Being well prepared, however, can smoothen out the impact of these headwinds. Every business is different, but here are a few ideas that you may be able to apply in your business to help you better mitigate the challenges ahead.
1. Prioritise which products and services you push
Don’t focus on products that have a “long shelf life” even though some of these may have very good margins. These slow-moving products will tie up your capital for longer periods thus limiting your financial liquidity.
Also, try and focus on fast-moving high-margin products where demand remains stable irrespective of small changes in price. This will allow you to pass on some of the price increases in your input costs to your customers without drastically affecting your margins or volumes.
2. Spend wisely
All businesses need to spend money to make money, but during tough times it is essential that a differentiation be made between strategic vs non-strategic spending.
A simple rule of thumb to help identify if a cost is strategic is to make sure the cost checks one of the following:
- Is the cost essential to maintaining or growing the business?
- Is the cost going to result in a short- or medium-term cost saving for the business?
- Is the cost a legal or compliance cost?
- Will the cost result in a positive net ROI for the business?
If that new Lamborghini for your delivery driver does not tick any of the boxes above, it may be time to rethink the expense for the next year or two.
3. Build a financial buffer
If you are a business that carries debt, it may be time to find ways to reduce costs and repay as much debt as possible before interest rates rise too far. Streamline your processes and eliminate wasted steps, costs, and shrinkage. Try and accumulate these savings over time so you have a war chest ready for emergencies.
4. Reposition your brand
Increase the perceived value of your product or service so customers are less hesitant to pay a little more. Some costs cannot be absorbed by the business and need to be passed down to the customer. This is especially challenging when your brand or product is positioned as a discount or bargain brand or product. Price increases in this sensitive segment can and will lead to the loss of certain customers.

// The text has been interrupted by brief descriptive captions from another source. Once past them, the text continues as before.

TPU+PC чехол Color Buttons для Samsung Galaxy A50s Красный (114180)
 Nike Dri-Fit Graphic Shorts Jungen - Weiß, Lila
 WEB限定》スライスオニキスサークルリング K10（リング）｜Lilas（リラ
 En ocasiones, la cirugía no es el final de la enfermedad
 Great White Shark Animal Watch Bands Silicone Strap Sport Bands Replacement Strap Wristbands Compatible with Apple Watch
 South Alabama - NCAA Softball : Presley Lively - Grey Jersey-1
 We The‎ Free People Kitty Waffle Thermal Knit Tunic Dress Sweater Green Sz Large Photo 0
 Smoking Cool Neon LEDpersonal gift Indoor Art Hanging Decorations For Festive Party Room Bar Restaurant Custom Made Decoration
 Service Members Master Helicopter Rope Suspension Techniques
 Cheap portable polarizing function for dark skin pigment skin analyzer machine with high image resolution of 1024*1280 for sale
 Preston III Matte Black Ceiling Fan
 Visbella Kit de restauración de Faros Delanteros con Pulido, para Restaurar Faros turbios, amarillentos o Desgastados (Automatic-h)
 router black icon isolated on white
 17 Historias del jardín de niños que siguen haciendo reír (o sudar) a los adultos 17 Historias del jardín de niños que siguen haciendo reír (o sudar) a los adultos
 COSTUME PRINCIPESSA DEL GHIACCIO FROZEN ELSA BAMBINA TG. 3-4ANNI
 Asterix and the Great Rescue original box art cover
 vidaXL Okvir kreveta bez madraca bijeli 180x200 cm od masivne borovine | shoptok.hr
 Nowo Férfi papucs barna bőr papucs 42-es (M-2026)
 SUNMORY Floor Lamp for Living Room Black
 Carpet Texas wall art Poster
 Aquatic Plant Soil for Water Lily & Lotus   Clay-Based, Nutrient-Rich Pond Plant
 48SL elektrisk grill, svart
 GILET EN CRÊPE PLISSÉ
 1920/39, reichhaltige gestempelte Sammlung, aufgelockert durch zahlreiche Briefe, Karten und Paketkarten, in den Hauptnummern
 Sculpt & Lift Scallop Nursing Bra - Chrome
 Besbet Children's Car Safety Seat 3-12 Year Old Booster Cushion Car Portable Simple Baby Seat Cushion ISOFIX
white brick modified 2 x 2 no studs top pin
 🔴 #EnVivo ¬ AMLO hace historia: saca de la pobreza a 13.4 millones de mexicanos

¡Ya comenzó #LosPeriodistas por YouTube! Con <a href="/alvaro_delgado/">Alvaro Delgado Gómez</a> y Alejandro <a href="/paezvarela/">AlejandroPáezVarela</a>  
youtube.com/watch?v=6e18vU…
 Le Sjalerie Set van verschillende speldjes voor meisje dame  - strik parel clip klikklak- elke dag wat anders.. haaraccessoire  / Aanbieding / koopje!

Repositioning your brand, however, may allow you to increase prices without adverse reactions from potential clients. Increasing the perceived value of the product by improving the quality of packaging, adding warranties or guarantees, or creating bundles or packages will allow you to attract customers that are looking for value and are willing to pay a little bit more than absolute rock bottom prices for what they want at little or no additional cost to the business.
The future is always hard to read but as Benjamin Franklin said, “By failing to prepare, you are preparing to fail”. The preparations you make today may help save your business tomorrow.